Comentário esclarecedor. Obrigado Duarte.

Fixem duas coisas: esta "nova" EPO ainda não tem "limites" definidos;
"Positivo" é como o Duarte diz... só após a contra-análise...

(Do mesmo modo que, acrescento eu, "culpados", só depois de produzida uma acusação legal e os presumíveis implicados verem um juíz deliberar a sua culpa. Ainda assim terão direito a recurso e só quando esgotados todos os meios juridicos e a condenação transitar em julgado, só então são culpados.)

Duarte Ladeiras disse...

Meu caro.

Quero só deixar uma correcção. Esta EPO - a CERA - tem já os critérios de positividade definidos. Sem isso acontecer, mesmos que os laboratórios detectem a substância, não podem declarar a análise como adversa. Foi o que aconteceu no ano passado com o Rasmussen e uma série de pessoas do atletismo em França, com outra EPO, a Dynepo.
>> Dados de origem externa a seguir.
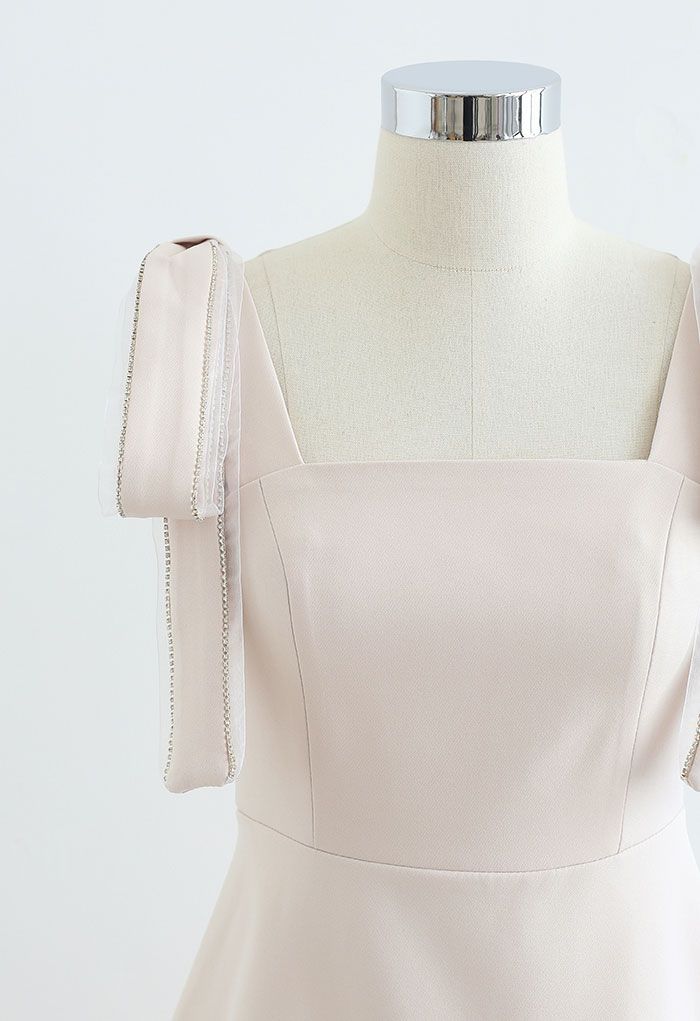 Bowknot Shoulder Crystal Edge Mini Dress in Cream | Chicwish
Essses critérios têm de ser amplamente estudados e têm de passar pelo crivo igual a qualquer outro estudo que seja publicado em revistas "per review", ou seja, revistas e analisadas por outros cientistas.

Se chumbarem não são publicadas, logo não podem ser implementadas. E sem serem reconhecidas pela comunidade científica nunca passariam nos tribunais. Já soube de vários estudos financiados pela WADA que esta decidiu não implementar por não serem suficientemente sólidos.

É que não se trata de uma brincadeira. Uma técnica anti-doping má pode destruir carreiras e vidas. Por isso, na dúvida, é preferível deixar fugir pessoas que fazem batota a implementar técnicas pouco credíveis ou declarar análises positivas duvidosas.